START EXERCISE INPUTS

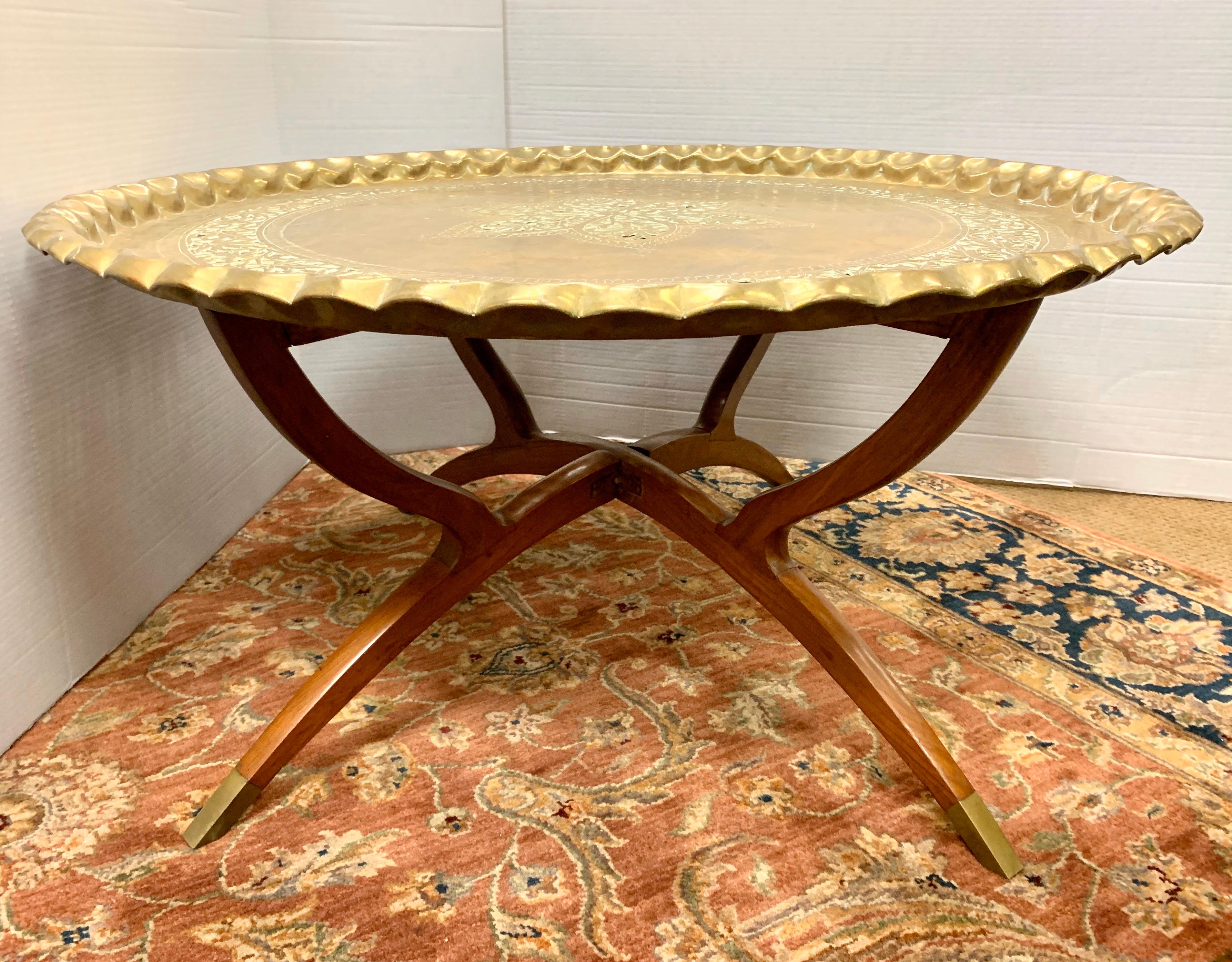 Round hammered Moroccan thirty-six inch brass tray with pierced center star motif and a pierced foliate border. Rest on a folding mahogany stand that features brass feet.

END EXERCISE INPUTS
START EXERCISE INPUTS

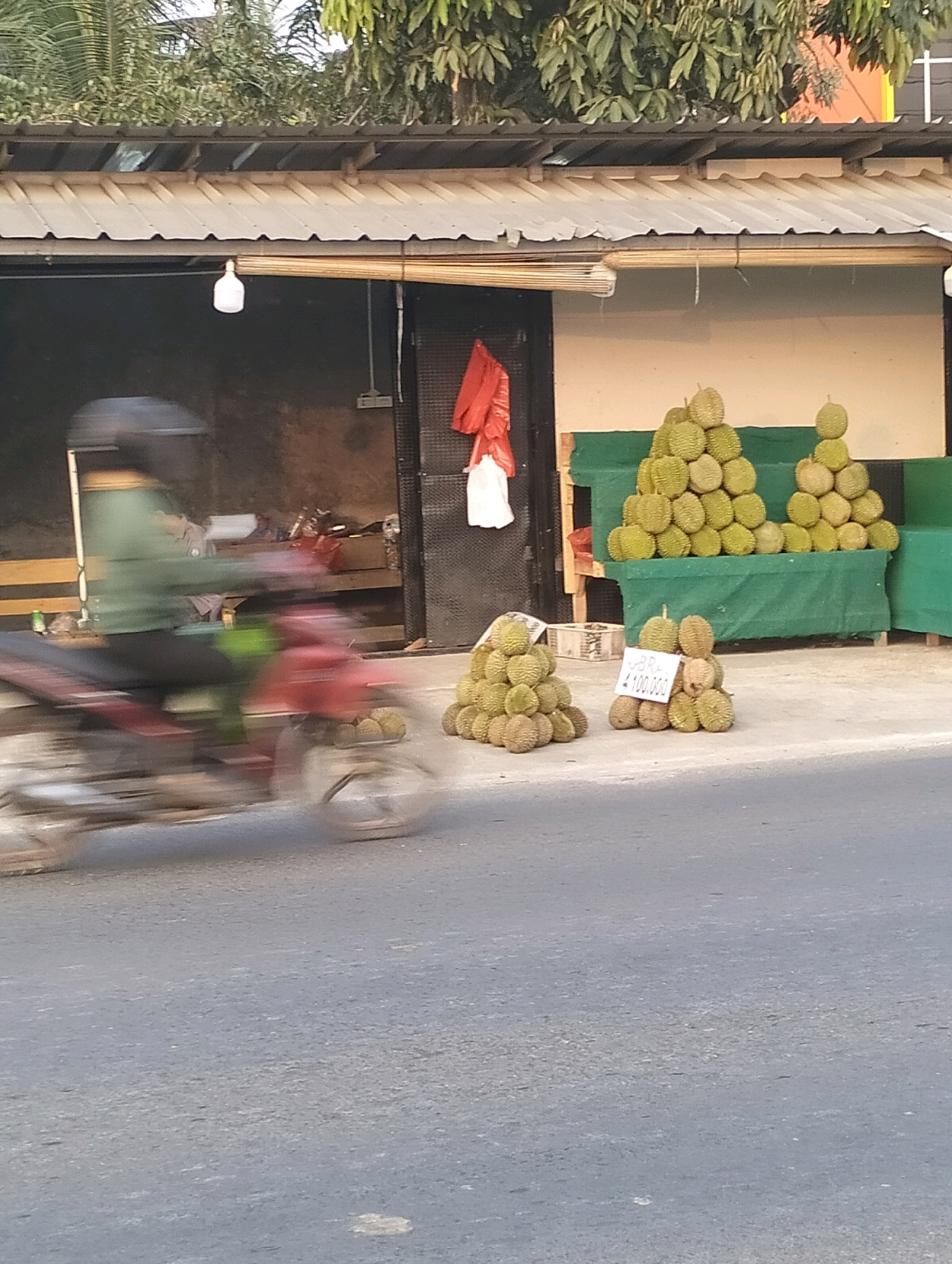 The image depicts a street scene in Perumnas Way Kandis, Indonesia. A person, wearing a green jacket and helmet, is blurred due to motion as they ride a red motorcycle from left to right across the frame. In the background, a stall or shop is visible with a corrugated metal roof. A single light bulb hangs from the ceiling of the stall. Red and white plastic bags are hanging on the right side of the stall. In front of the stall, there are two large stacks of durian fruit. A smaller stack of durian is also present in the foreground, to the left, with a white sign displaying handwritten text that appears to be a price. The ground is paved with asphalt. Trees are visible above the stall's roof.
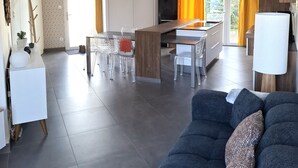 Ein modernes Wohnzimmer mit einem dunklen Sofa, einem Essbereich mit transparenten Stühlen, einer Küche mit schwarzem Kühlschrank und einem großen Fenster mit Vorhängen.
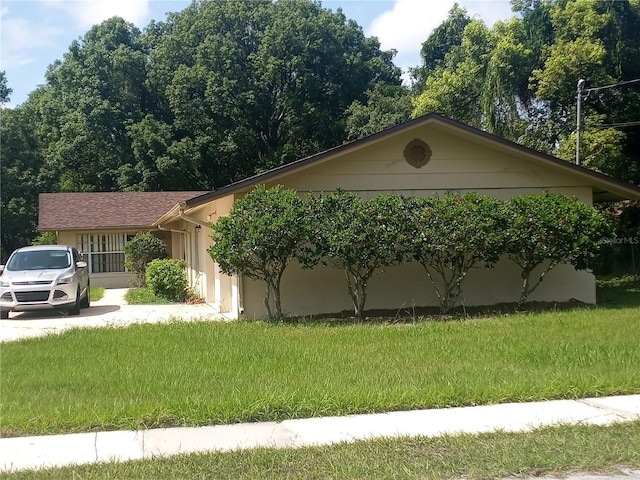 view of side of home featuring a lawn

END EXERCISE INPUTS
START EXERCISE INPUTS

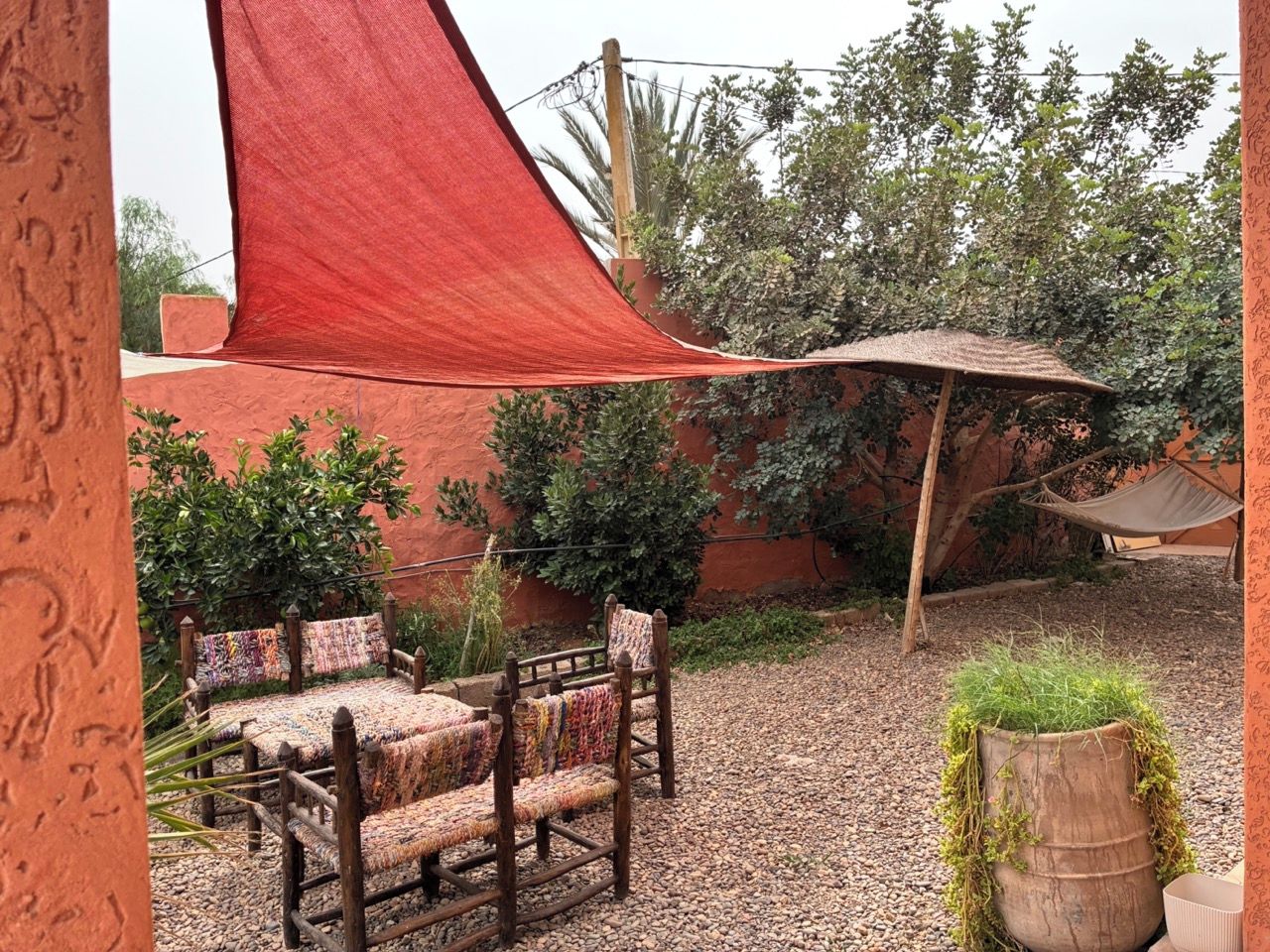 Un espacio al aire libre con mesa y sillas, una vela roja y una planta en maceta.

END EXERCISE INPUTS

REQUIRED ACTION: Once the line with "The image depicts" has been found above, output that line and every later line exactly, stopping after the line with "view of side of home featuring a lawn", and omit the pictures.

RESPONSE:
 The image depicts a street scene in Perumnas Way Kandis, Indonesia. A person, wearing a green jacket and helmet, is blurred due to motion as they ride a red motorcycle from left to right across the frame. In the background, a stall or shop is visible with a corrugated metal roof. A single light bulb hangs from the ceiling of the stall. Red and white plastic bags are hanging on the right side of the stall. In front of the stall, there are two large stacks of durian fruit. A smaller stack of durian is also present in the foreground, to the left, with a white sign displaying handwritten text that appears to be a price. The ground is paved with asphalt. Trees are visible above the stall's roof.
 Ein modernes Wohnzimmer mit einem dunklen Sofa, einem Essbereich mit transparenten Stühlen, einer Küche mit schwarzem Kühlschrank und einem großen Fenster mit Vorhängen.
 view of side of home featuring a lawn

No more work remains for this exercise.